<h1>Self-Driving Agent Report</h1>

<h2>1. Implementation of a Basic Driving Agent</h2>

As starting task, we will move the smartcab around the environment using a random approach. The set of possible actions will be: None, forward, left, right. The deadline will be set to false, but this doesn't mean that smartcab has an infinite number of moves as can see on code of the file **smartcab/environment.py** (but will increase a lot the number of moves available).

The code corresponding to this agent can be found on the class **RandomAgent** at the file **smartcab/agents.py**.

Observations from simulation:

1. Normally the smartcab action is not optimal, but normally reaches the destination because has a lot of moves available to reach the destination.
2. The environment  doesn't allow any agent to execute and action that violates traffic rules, but a strong negative reward is applied.

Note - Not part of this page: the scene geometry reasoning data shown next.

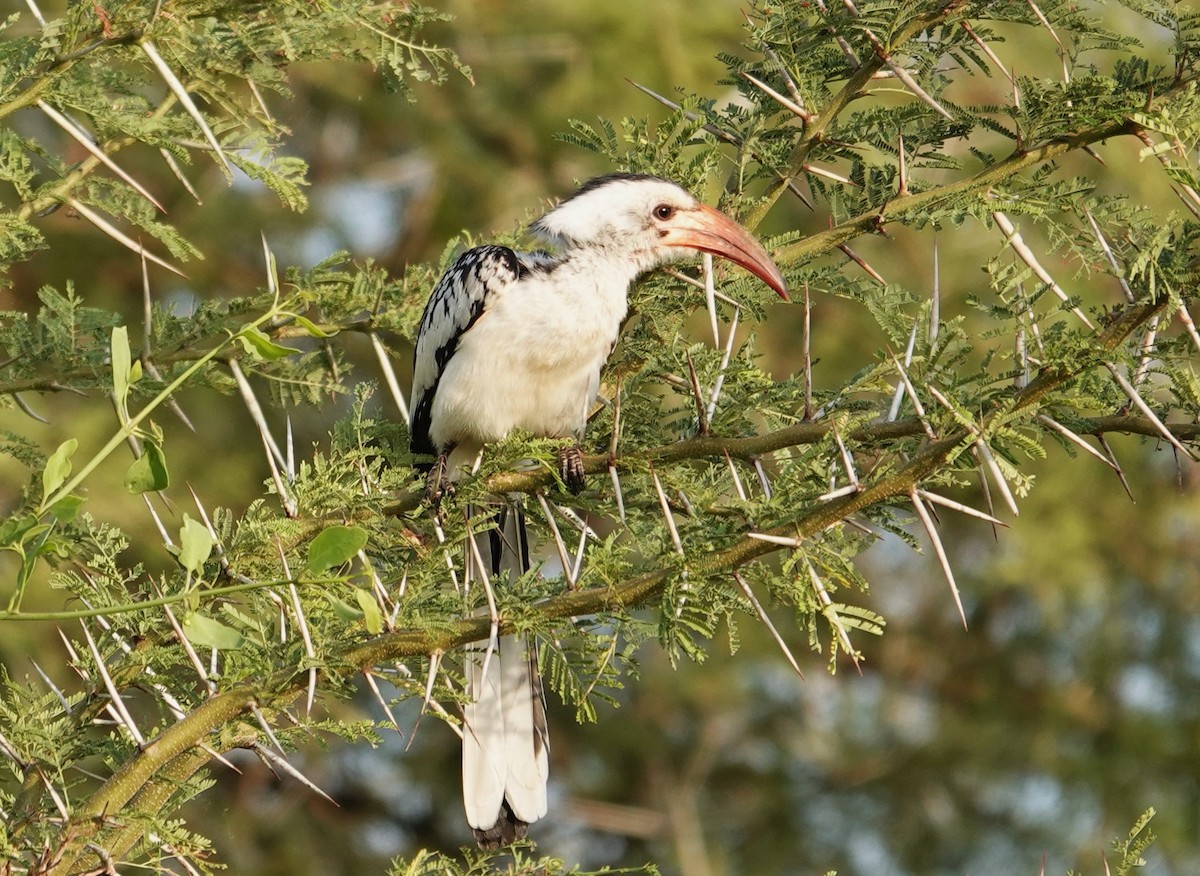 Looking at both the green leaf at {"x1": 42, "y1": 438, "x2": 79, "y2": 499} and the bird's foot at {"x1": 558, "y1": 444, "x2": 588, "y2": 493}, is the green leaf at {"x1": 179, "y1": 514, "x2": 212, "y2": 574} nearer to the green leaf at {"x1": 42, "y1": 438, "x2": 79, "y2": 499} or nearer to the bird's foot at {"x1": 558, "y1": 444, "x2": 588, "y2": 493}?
the green leaf at {"x1": 42, "y1": 438, "x2": 79, "y2": 499}

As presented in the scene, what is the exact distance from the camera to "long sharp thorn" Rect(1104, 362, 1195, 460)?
7.91 ft

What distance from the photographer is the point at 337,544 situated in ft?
A: 6.88

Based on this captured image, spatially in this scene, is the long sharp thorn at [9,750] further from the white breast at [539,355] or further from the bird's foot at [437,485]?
the white breast at [539,355]

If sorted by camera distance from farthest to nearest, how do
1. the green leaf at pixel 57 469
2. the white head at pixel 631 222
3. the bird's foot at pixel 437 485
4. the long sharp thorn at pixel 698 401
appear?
the white head at pixel 631 222 < the bird's foot at pixel 437 485 < the long sharp thorn at pixel 698 401 < the green leaf at pixel 57 469

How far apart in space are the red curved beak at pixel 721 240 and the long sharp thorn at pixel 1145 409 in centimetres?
99

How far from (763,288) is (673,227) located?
0.69 meters

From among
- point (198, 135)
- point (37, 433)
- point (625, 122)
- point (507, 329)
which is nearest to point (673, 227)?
point (507, 329)

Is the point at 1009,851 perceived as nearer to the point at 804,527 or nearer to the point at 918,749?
the point at 918,749

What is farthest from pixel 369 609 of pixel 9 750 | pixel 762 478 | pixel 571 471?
pixel 571 471

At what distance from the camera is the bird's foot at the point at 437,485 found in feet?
11.5

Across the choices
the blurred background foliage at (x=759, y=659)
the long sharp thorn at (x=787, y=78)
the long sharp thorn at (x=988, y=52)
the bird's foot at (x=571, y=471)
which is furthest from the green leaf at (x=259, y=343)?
the blurred background foliage at (x=759, y=659)

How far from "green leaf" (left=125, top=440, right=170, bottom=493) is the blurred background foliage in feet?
23.5

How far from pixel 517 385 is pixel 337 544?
197 cm

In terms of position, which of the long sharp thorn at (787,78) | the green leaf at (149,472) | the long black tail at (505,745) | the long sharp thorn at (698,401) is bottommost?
Result: the long black tail at (505,745) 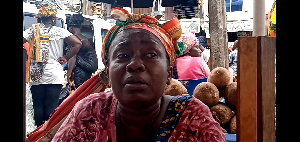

<h2>2. Inform the Driving Agent</h2>

The next task  is to identify a set of states that are appropriate for modeling the smartcab and environment. 

All the information we receive come from the environment and the planner.

Sensing the environment provide us with these inputs:

- light:
    - Possible values: Red / Green
- oncoming:
    - Possible values: None / Forward / Right / Left
    - Indicates if there is a car oncoming and the action wants to execute.
- right:
    - Possible values: None / Forward / Right / Left
    - Indicates if there is a car approaching from the right oncoming and 
    the action wants to execute.
- left:
    - Possible values: None / Forward / Right / Left
    - Indicates if there is a car approaching from the left oncoming and 
    the action wants to execute.

Also from the environment we can obtain the deadline, that is the number of remaining moves to reach the destination.

The planner provides next_waypoint, with these possible values: Forward, Right and Left.

For representing the state we will use: **next_waypoint**, **light**, **oncoming**, **right** and **left**.

Having in mind we use *next_waypoint*, is not very useful to also use *deadline*. Also *deadline* will increase considerably the number of possible states, and would penalize the Q-Learning implementation.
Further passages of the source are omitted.